Give all of the data below again exactly, and drop the images.

*** EXERCISE DATA ***

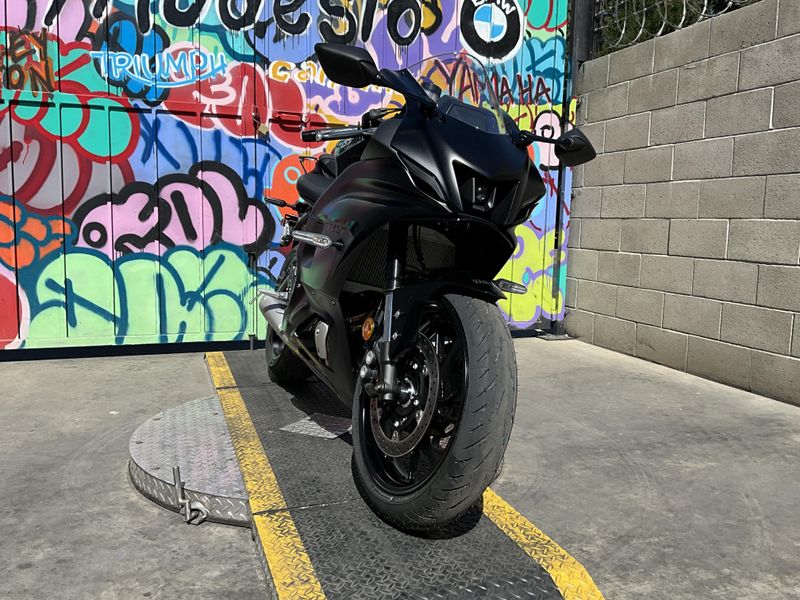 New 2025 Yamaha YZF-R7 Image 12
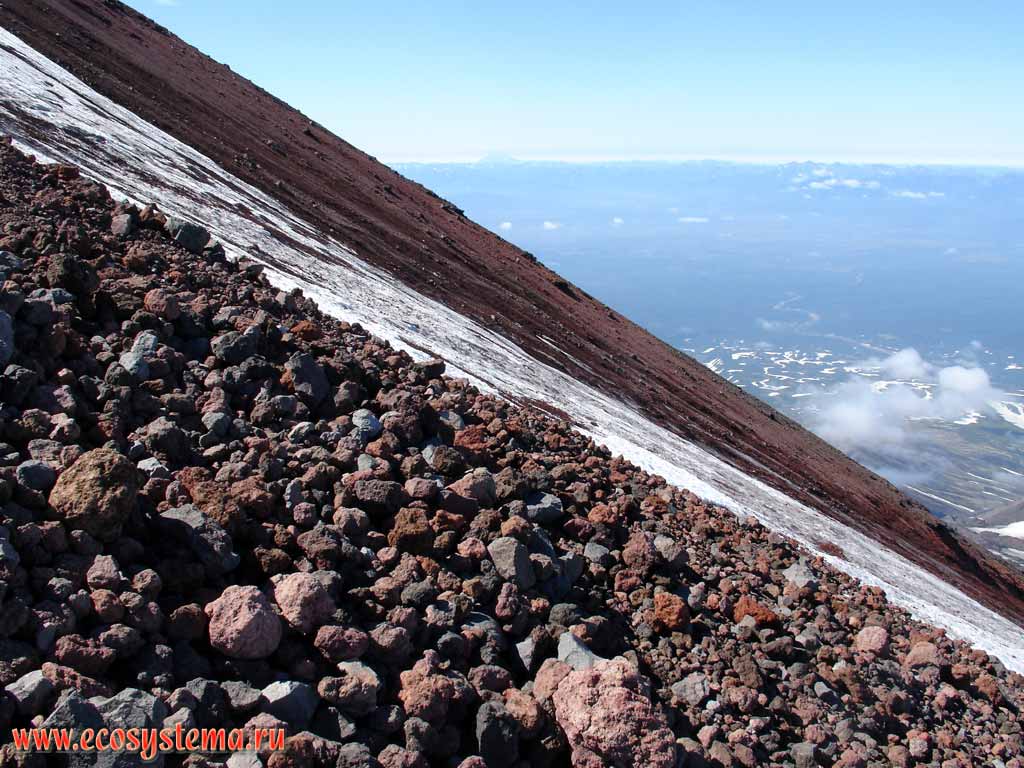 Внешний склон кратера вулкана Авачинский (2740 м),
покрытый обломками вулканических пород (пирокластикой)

*** End of EXERCISE DATA ***

ANSWER FOR THE TASK:
 New 2025 Yamaha YZF-R7 Image 12
 Внешний склон кратера вулкана Авачинский (2740 м),
покрытый обломками вулканических пород (пирокластикой)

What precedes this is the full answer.